▸ Task
Please give an exact printout of the records, without any pictures.

Stored data entries
◇ ◇ ◇ ◇ ◇
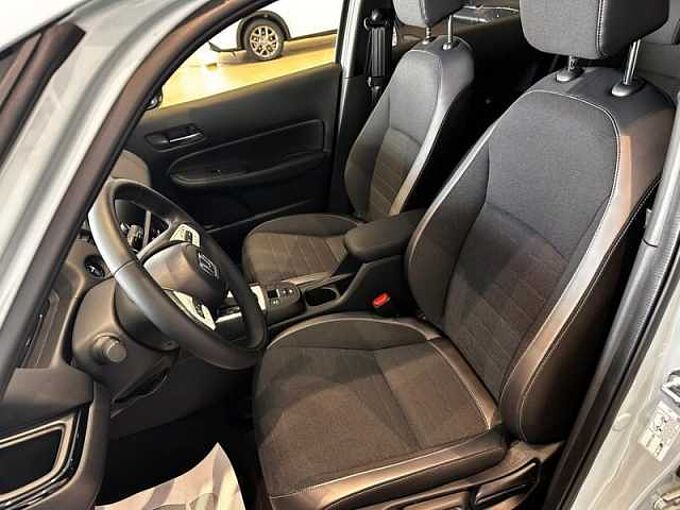 Honda Crosstar 1.5 i-MMD CROSSTAR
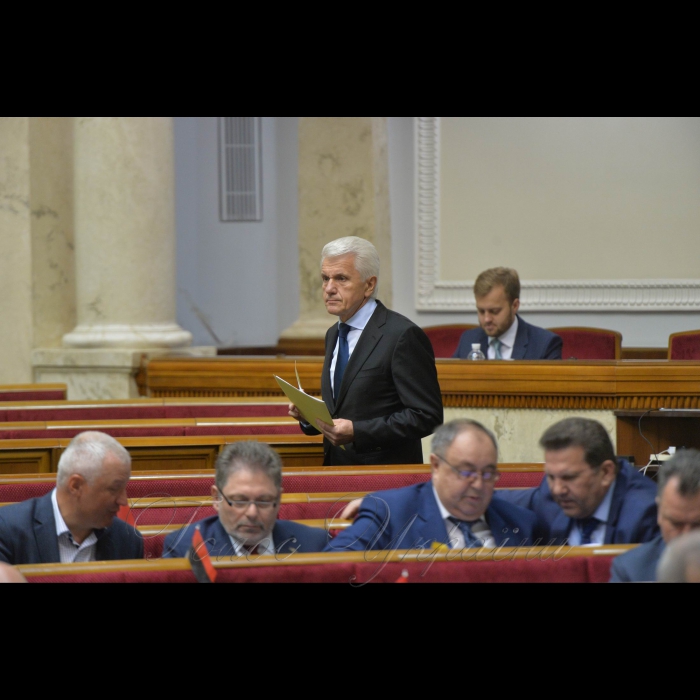 22 травня 2018 сесія Верховної Ради України. Володимир Литвин-позафракційний.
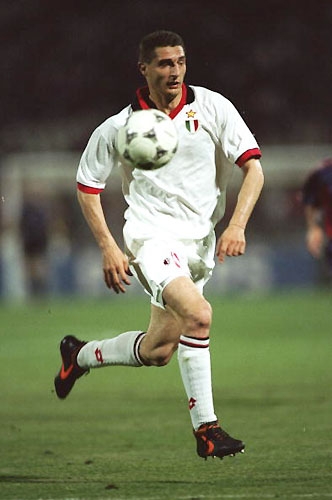 Ad:  Daniele Massaro.jpg
Gsterim: 561
Boyut:  67.5 KB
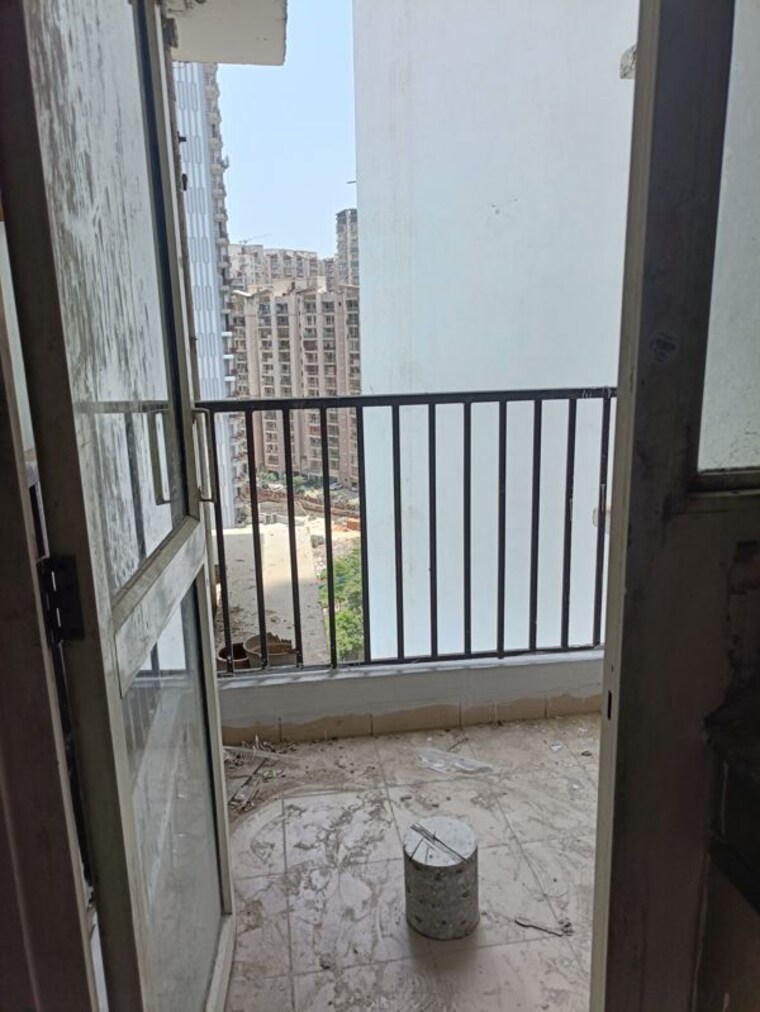 Balcony, panchsheel-greens 2 Bedroom 975 Sq.Ft. Apartment In Sector 16 Greater Noida Greater Noida 10468778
◇ ◇ ◇ ◇ ◇
▸ Response for this exercise
 Honda Crosstar 1.5 i-MMD CROSSTAR
 22 травня 2018 сесія Верховної Ради України. Володимир Литвин-позафракційний.
 Ad:  Daniele Massaro.jpg
Gsterim: 561
Boyut:  67.5 KB
 Balcony, panchsheel-greens 2 Bedroom 975 Sq.Ft. Apartment In Sector 16 Greater Noida Greater Noida 10468778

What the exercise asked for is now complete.